### [PROBLEM TO WORK ON]
For every line in the records that has the word "with", make a copy.

··· RECORDS PROVIDED

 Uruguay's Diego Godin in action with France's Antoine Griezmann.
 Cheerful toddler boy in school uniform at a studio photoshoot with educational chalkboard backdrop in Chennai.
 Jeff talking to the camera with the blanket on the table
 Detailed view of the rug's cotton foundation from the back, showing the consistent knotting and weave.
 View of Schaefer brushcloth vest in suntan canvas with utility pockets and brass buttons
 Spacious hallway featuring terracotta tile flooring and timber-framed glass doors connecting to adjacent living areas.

······

### [ANSWER TO THIS PROBLEM]
 Uruguay's Diego Godin in action with France's Antoine Griezmann.
 Cheerful toddler boy in school uniform at a studio photoshoot with educational chalkboard backdrop in Chennai.
 Jeff talking to the camera with the blanket on the table
 View of Schaefer brushcloth vest in suntan canvas with utility pockets and brass buttons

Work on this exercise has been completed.